IL DIMINUE LA QUALITÉ NUTRITIVE DES ALIMENTS
« Toute source de chaleur va dégrader les qualités nutritives d’un aliment. Ce n’est pas davantage le cas pour le micro-ondes que pour la cuisinière, selon l’ingénieur. La cuisine à l’eau est pire parce qu’elle dilue les vitamines. Le micro-ondes a un avantage sur ce point, parce qu’il cuit à la vapeur », ajoute l’ingénieur.
DES ONDES PEUVENT S’ÉCHAPPER DE L’APPAREIL
Le danger, si on pouvait l’actionner sans fermer la porte, serait… de cuire. Les anciens modèles étaient en effet moins étanches, mais les micro-ondes d’aujourd’hui sont munis d’un double mécanisme de sécurité pour contenir les ondes, assure le professeur de l’ETS. Les fabricants de micro-ondes sont soumis à des règles de construction très rigoureuses, rappelle Santé Canada. À moins d’en faire un mauvais usage ou d’utiliser un appareil endommagé, il n’y a aucune raison de le craindre, confirme également l’organisme.

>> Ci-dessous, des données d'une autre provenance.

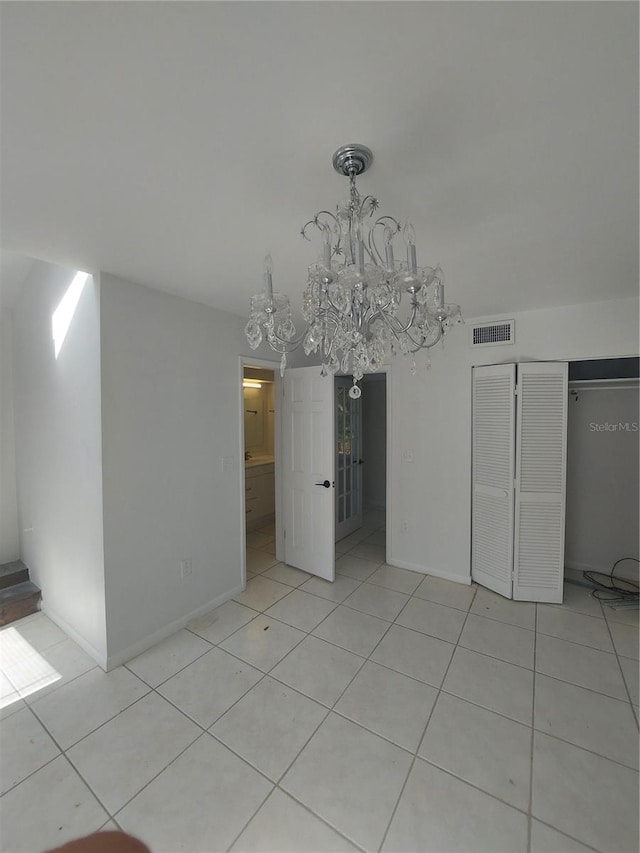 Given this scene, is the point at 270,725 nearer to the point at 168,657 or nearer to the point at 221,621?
the point at 168,657

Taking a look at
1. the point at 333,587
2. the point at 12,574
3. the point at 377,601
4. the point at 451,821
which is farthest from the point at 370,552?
the point at 12,574

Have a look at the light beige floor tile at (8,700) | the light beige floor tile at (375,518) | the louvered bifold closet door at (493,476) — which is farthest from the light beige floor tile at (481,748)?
the light beige floor tile at (375,518)

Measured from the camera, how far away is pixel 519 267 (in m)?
2.02

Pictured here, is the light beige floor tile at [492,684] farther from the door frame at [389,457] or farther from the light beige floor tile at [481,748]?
the door frame at [389,457]

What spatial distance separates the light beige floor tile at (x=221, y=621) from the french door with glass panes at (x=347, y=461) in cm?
174

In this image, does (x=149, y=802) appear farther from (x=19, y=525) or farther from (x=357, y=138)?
(x=19, y=525)

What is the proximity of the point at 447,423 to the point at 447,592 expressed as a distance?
5.10ft

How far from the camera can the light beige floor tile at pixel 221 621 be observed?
2443 mm

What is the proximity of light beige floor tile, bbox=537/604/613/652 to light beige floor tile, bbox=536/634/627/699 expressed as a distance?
7cm

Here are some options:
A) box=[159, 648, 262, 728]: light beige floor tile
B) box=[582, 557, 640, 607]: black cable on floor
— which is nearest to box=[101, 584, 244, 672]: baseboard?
box=[159, 648, 262, 728]: light beige floor tile

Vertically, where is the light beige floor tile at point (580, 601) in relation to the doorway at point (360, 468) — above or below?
below

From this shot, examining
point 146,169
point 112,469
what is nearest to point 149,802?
point 112,469

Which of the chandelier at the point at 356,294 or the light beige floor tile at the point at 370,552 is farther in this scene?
the light beige floor tile at the point at 370,552

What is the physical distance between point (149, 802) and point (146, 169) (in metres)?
2.53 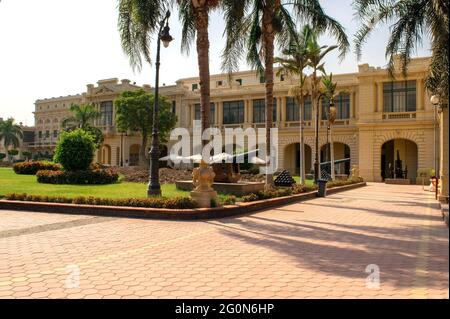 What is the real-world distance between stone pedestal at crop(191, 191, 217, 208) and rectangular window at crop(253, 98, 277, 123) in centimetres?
3816

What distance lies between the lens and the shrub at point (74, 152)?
79.9 ft

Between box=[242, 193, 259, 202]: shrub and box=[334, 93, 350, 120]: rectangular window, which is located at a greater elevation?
box=[334, 93, 350, 120]: rectangular window

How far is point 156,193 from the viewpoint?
14.6 meters

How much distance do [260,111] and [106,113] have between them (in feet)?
83.9

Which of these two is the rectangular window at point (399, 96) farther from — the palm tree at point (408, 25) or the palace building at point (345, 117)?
the palm tree at point (408, 25)

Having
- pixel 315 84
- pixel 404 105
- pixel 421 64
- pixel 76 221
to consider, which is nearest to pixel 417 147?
→ pixel 404 105

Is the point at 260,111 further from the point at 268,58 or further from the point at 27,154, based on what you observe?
the point at 27,154

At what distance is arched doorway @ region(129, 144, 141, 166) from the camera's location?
6088cm

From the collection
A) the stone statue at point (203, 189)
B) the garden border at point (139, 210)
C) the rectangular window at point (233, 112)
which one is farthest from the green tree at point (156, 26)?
the rectangular window at point (233, 112)

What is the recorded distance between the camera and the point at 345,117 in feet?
148

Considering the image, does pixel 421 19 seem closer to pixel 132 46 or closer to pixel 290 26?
pixel 290 26

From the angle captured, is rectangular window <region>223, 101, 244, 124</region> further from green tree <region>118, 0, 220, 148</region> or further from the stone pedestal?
the stone pedestal

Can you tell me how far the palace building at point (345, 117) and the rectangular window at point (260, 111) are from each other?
125 mm

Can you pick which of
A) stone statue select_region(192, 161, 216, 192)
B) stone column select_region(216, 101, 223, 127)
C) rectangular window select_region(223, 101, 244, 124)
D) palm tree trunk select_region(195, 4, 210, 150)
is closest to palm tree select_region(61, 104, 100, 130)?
stone column select_region(216, 101, 223, 127) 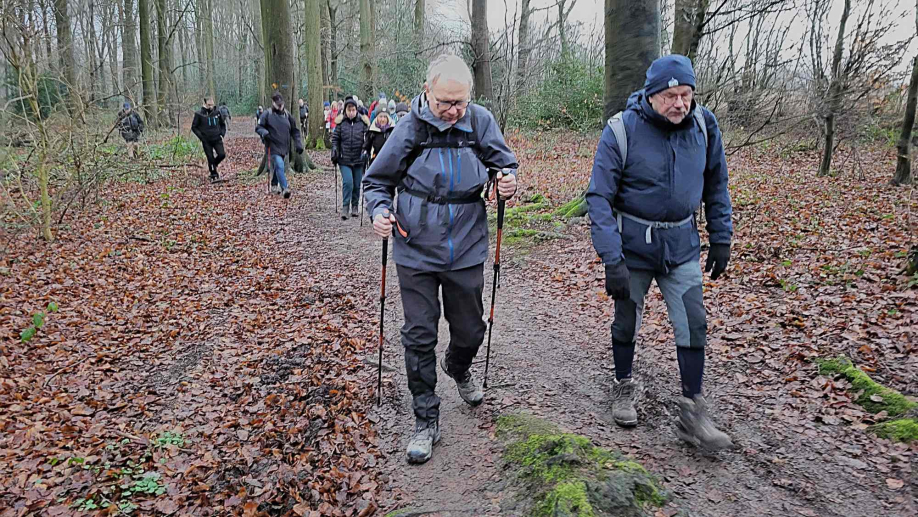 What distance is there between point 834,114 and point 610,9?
18.6 ft

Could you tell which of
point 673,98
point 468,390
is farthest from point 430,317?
point 673,98

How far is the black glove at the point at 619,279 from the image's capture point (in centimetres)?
354

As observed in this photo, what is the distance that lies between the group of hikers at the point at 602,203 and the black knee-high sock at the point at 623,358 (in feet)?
1.12

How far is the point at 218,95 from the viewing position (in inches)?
2007

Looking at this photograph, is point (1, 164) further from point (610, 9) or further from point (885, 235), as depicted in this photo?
point (885, 235)

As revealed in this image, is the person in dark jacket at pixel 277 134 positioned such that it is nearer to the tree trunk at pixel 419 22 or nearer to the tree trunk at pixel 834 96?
the tree trunk at pixel 834 96

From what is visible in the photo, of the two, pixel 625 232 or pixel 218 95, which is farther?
pixel 218 95

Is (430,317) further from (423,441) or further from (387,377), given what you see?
(387,377)

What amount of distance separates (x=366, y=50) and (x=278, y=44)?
7521 mm

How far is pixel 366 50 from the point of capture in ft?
79.3

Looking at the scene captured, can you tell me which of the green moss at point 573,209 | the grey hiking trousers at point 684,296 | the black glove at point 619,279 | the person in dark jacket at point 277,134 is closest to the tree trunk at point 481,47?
the person in dark jacket at point 277,134

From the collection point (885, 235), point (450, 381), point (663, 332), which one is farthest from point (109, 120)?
point (885, 235)

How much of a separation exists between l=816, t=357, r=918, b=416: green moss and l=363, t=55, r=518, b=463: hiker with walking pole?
2618mm

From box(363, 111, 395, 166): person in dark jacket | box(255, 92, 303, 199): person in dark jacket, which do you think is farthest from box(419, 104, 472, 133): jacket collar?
box(255, 92, 303, 199): person in dark jacket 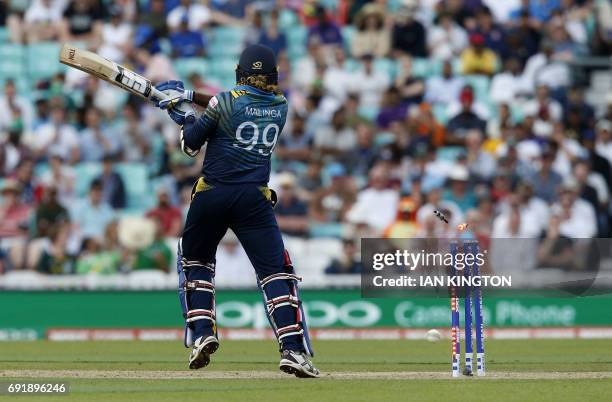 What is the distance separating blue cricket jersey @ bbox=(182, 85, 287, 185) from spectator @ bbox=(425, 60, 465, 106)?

DES ONDES DEMEURENT À L’INTÉRIEUR DE L’ALIMENT
Les ondes cessent de vibrer dès que l’appareil est en mode « arrêt », un peu comme lorsqu’on éteint le poste de radio. « Les « bips » en fin de cuisson indiquent tout simplement le temps nécessaire pour que la chaleur finisse de se distribuer dans la nourriture et non pas la période requise pour que les ondes se dispersent », précise Dominic Deslandes.
Au-delà de la touche popcorn
Comment ça fonctionne
Le micro-ondes utilise une fréquence de 2,4 GHz, comme un routeur ou des appareils Bluetooth.

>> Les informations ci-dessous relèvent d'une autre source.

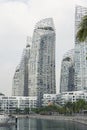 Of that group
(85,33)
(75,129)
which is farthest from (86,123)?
(85,33)

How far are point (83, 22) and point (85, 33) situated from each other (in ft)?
2.95

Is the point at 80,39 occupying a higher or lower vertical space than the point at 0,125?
higher

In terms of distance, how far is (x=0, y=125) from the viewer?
140000 millimetres

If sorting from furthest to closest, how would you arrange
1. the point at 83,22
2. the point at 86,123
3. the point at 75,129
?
the point at 86,123, the point at 75,129, the point at 83,22

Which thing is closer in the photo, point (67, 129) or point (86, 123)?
point (67, 129)

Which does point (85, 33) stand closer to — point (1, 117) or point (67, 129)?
point (67, 129)

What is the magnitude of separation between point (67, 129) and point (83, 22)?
3417 inches

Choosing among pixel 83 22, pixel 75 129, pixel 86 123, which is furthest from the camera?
pixel 86 123

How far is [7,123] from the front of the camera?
463 feet

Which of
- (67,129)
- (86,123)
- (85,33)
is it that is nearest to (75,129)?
(67,129)

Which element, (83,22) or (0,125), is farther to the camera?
(0,125)

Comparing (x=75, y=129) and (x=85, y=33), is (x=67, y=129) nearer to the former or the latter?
(x=75, y=129)

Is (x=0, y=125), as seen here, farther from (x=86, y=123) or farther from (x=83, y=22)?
(x=83, y=22)

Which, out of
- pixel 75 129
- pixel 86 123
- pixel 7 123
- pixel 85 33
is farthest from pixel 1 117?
pixel 85 33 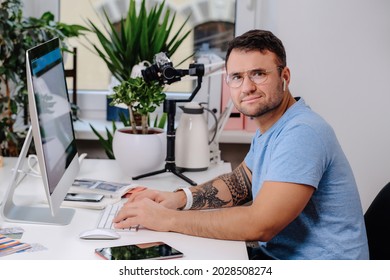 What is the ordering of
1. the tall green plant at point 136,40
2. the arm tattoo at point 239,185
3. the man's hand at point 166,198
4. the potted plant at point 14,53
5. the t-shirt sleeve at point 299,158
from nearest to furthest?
the t-shirt sleeve at point 299,158 < the man's hand at point 166,198 < the arm tattoo at point 239,185 < the potted plant at point 14,53 < the tall green plant at point 136,40

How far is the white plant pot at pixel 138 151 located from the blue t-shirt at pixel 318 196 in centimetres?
61

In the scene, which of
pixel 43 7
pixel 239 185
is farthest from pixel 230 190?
pixel 43 7

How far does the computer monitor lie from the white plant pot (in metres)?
0.30

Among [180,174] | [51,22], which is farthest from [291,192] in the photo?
[51,22]

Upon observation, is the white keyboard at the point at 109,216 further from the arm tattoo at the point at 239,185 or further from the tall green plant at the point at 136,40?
the tall green plant at the point at 136,40

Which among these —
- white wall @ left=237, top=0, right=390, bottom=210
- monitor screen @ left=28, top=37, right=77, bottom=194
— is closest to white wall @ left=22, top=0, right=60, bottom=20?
white wall @ left=237, top=0, right=390, bottom=210

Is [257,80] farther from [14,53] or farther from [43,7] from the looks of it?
[43,7]

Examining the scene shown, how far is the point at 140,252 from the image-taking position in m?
1.39

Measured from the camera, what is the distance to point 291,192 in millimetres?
1459

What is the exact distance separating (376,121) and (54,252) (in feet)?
5.80

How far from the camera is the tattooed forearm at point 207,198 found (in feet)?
5.86

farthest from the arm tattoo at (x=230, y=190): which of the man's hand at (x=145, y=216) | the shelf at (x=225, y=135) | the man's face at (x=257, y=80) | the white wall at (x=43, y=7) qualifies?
the white wall at (x=43, y=7)

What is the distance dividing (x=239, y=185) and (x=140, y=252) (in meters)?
Answer: 0.60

« Il envoie un signal de 1000 W qui agite les molécules présentes à l’intérieur d’un aliment. Ce mouvement entraîne une friction qui se transforme ensuite en chaleur, explique Dominic Deslandes, professeur au département de génie électrique de l’École de technologie supérieure (ETS). Pour que ce mouvement de molécules se produise, il doit y avoir de l’eau, ce qu’on retrouve dans tous les aliments. »
Ce phénomène explique pourquoi des objets solides, comme une assiette de porcelaine, restent froids alors que la nourriture cuit.
Les +
Il produit moins de vaisselle sale et est moins énergivore qu’un four. Il chauffe aussi rapidement les liquides. Les gras et sucres des aliments peuvent aussi accélérer la cuisson, indique la chimiste Anne-Marie Desbiens.
« Les meilleures applications maintenant, je dirais que c’est pour cuire les légumes à la vapeur. Ils cuisent rapidement, et comme les vitamines sont plus solubles dans l’eau, on perd moins de la valeur nutritive de l’aliment », ajoute-t-elle.
Les –
« Quand je regarde le temps de cuisson nécessaire pour réaliser plusieurs plats [dans les anciens livres de recettes], ça revient un peu au même qu’au four », souligne la chimiste, qui ajoute à la liste de ses points faibles la complexité de cuire des aliments plus délicats comme la viande ou les gâteaux, à moins d’être équipé d’une plaque de cuisson adaptée (rare et coûteuse).
Le micro-ondes ne peut saisir, comme c’est le cas sur une cuisinière, ou braiser, comme la mijoteuse ou le four. Toutefois, le plus gros problème, selon elle, c’est qu’il cuit de manière inégale. Et ce, malgré l’ajout du plateau tournant et d’un dispositif améliorant la répartition des ondes.
« Les ondes pénètrent dans l’aliment à une profondeur de 3 cm, explique la chimiste. Pour bien les cuire, il faut donc les couper en petits morceaux, ou les changer de côté en cours de cuisson et bien les répartir dans l’assiette. »
L’intérieur d’un plat reçoit moins d’ondes que les côtés, souligne également Beth Hensperger dans son livre Not Your Mother’s Microwave Cookbook. Les parties plus délicates d’un aliment (la pointe d’une asperge, par exemple) doivent, par conséquent, être placées à l’intérieur du plat.
41 %
Selon un sondage commandé par Panasonic, 41 % des ménages utilisent leur micro-ondes chaque jour, soit aussi souvent que la cuisinière.